Mas as lutas democráticas, em particular, vão ganhar um novo protagonismo. Temos que tomar com afinco as tarefas de organizar a autodefesa diante dos setores fascistas que agirão com maior confiança, de enfrentar a perseguição e repressão, de defender política e fisicamente o direito de manifestar-se e todos os direitos democráticos, de uma forma que não é feita há muito tempo.
A vontade de lutar
A desmoralização acumulada durante o mandato de Biden, a desativação dos movimentos dos últimos anos por parte dos democratas e sua definição de não organizar protestos nacionais para a posse de Trump, explicam em grande parte porque, desta vez, não houve manifestações em massa como em 2016.
No entanto, há uma vanguarda que vê a necessidade e a urgência de organizar a resistência. São milhares de jovens radicalizados pelo movimento de solidariedade à Palestina, trabalhadores ativados nas greves da Amazon ou UAW, ativistas mulheres, LGBT+, imigrantes, negros que viram seus movimentos serem desativados pelos democratas e compreendem a necessidade imediata de organizar uma luta séria, contra um perigo muito real.

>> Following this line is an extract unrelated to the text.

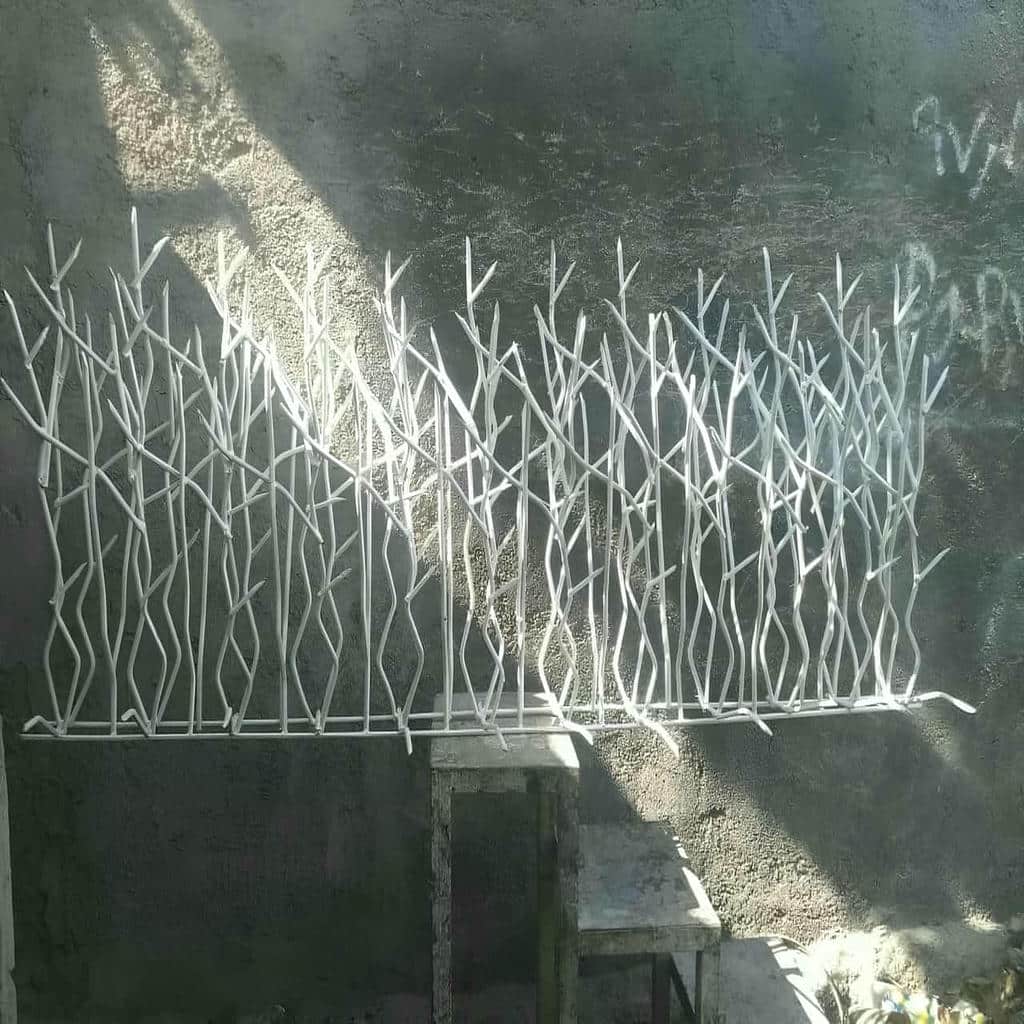 نصب حفاظ شاخ گوزنی دیوار ساختمان در طالقان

A ofensiva de Trump, inevitavelmente, irá provocar resistência no país e em todo o mundo. A força e as possibilidades que terá, dependem, em grande parte, do nível de organização e da orientação política que tem essa vanguarda radicalizada. Isso apresenta aos revolucionários uma tarefa para hoje, um desafio em que não importa o que fazemos ou não fazemos, o que conseguimos ou não.

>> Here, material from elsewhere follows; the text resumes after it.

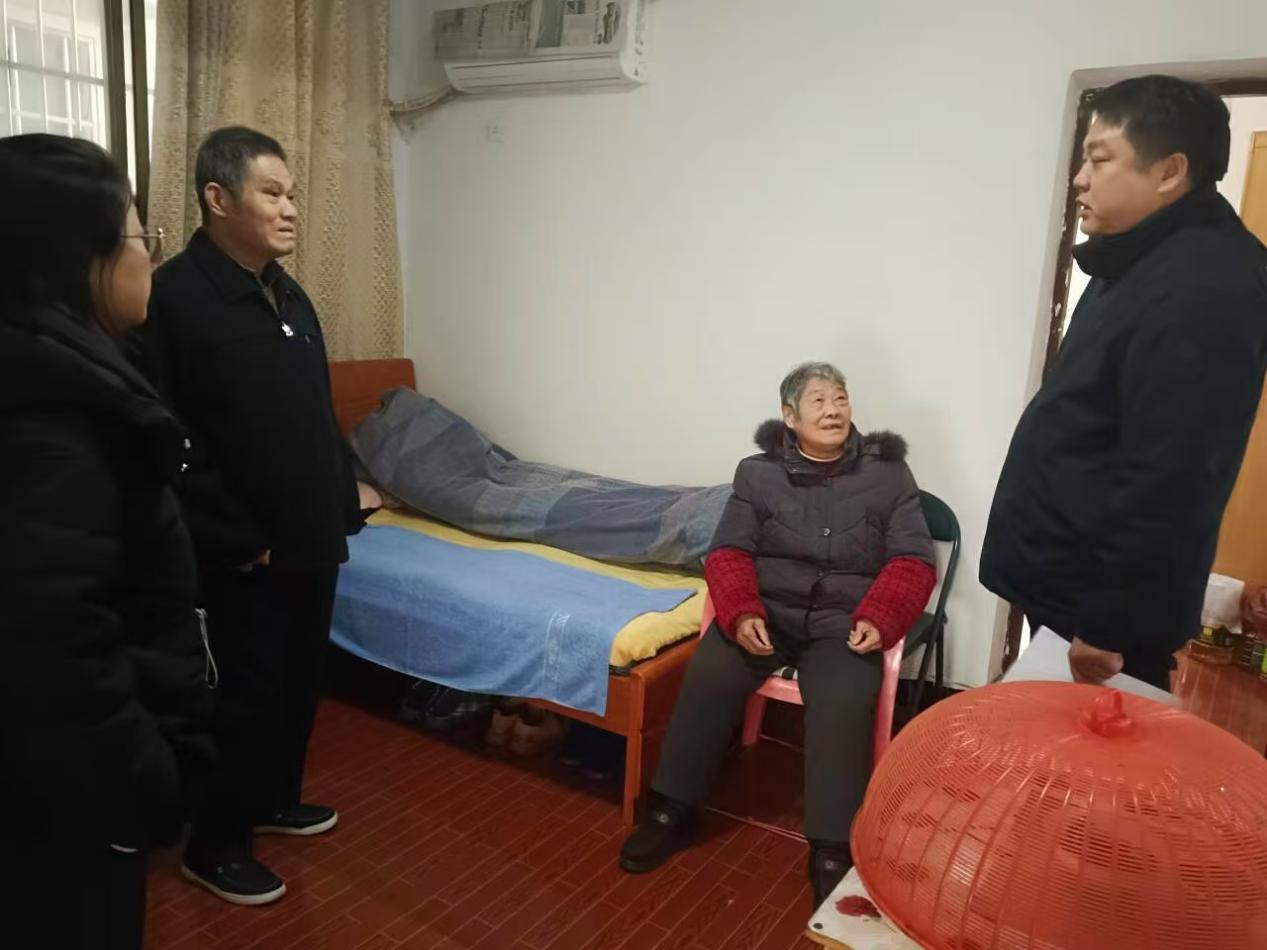 古梁巷社区：冬末初春暖心行动，独居老人寒冬不寒心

Hoje é possível e necessário organizar milhares de ativistas e trabalhadores politicamente radicalizados e dispostos a lutar em um projeto revolucionário, para influenciar o curso das lutas que vêm e para estabelecer as bases de um partido revolucionário que represente a classe trabalhadora e lute pelo socialismo nos Estados Unidos e no mundo. E pode ser feito a partir de um trabalho de reagrupamento dos revolucionários no país e internacionalmente, como promove a Liga Internacional Socialista.